Yuan-Yi Guo1, Jiang-Yue Zhao2, Han-Rong Li2, Zhuo Guo2, Hao-Yue Shen2

Abstract

Introduction. Diabetic cataract (DC) is a common ocular complication of diabetes. Mitofusin 2 (MFN2), a mitochondrial fusion protein, is involved in the pathogenesis of cataract and diabetic complications. However, its role and molecular mechanisms in DC remain unclear.

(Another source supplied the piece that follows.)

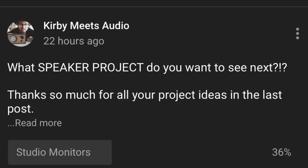Over the weekend I put up a poll on the YouTube community section asking what you wanted to see for my next build video. The choices were studio monitors, custom CNC wood headphones, a home theater series, bass amp, and guitar amp. It was dead even between studio monitors and the home theater series, so we're going with studio monitors and we'll do the home theater series next.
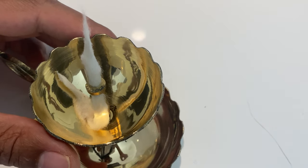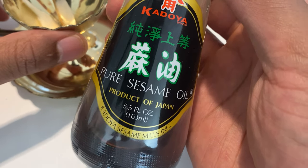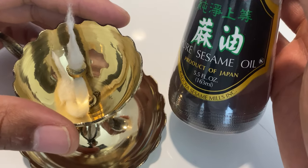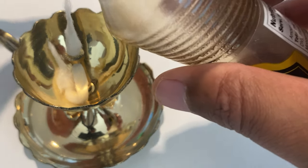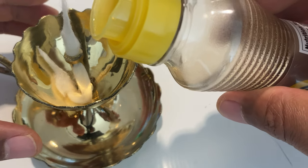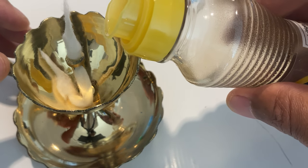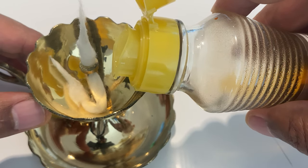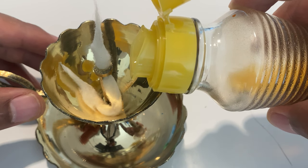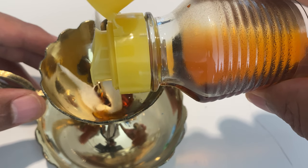Once you have it all the way in there, you're going to take some oil of your choice. I choose to use pure sesame oil, but you can use the oil that is recommended to you. I'm just going to place some in here. I don't like to add a lot because I typically don't have these running for a long time, so I'm just going to go ahead and pour a little bit of the oil inside right here.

Materials and methods. DC models in rats were induced by intraperitoneal injection of streptozocin (STZ) for 12 weeks. We measured the body weight of rats, blood glucose concentrations, sorbitol dehydrogenase (SDH) activity and advanced glycation end products (AGE) content in the lenses of rats. MFN2 mRNA and protein expression levels in the lenses were detected by RT-qPCR and western blot assays. In vitro, human lens epithelial (HLE) B3 cells were treated for 48 h with 25 mM glucose (high glucose, HG) to induce cell damage. To determine the role of MFN2 in HG-induced cell damage, HLE-B3 cells were transfected with lentivirus loaded with MFN2 overexpression plasmid or short hairpin RNA (shRNA) to overexpress or knock down MFN2 expression, followed by HG exposure. Cell viability was assessed by CCK-8 assay. Flow cytometry was used to detect cell apoptosis and reactive oxygen species (ROS) level. JC-1 staining showed the changes in mitochondrial membrane potential (Δψm). The mediators related to apoptosis, mitochondrial damage, and autophagy were determined.

Results. STZ-administrated rats showed reduced body weight, increased blood glucose levels, elevated SDH activity and AGE content, suggesting successful establishment of the DC rat model. Interestingly, MFN2 expression was significantly downregulated in DC rat lens and HG-induced HLE-B3 cells. Further analysis showed that under HG conditions, MFN2 overexpression enhanced cell viability and inhibited apoptosis accompanied by decreased Bax, cleaved caspase-9 and increased Bcl-2 expression in HLE-B3 cells. MFN2 overexpression also suppressed the mitochondrial damage elicited by HG as manifested by reduced ROS production, recovered Δψm and increased mitochondrial cytochrome c (Cyto c) level. Moreover, MFN2 overexpression increased LC3BⅡ/LC3BⅠ ratio and Beclin-1 expression, but decreased p62 level, and blocked the phosphorylation of mTOR in HG-treated HLE-B3 cells. In contrast, MFN2 silencing exerted opposite effects.

Conclusions. Our findings indicate that MFN2 expression may be essential for preventing lens epithelial cell apoptosis during development of diabetic cataract.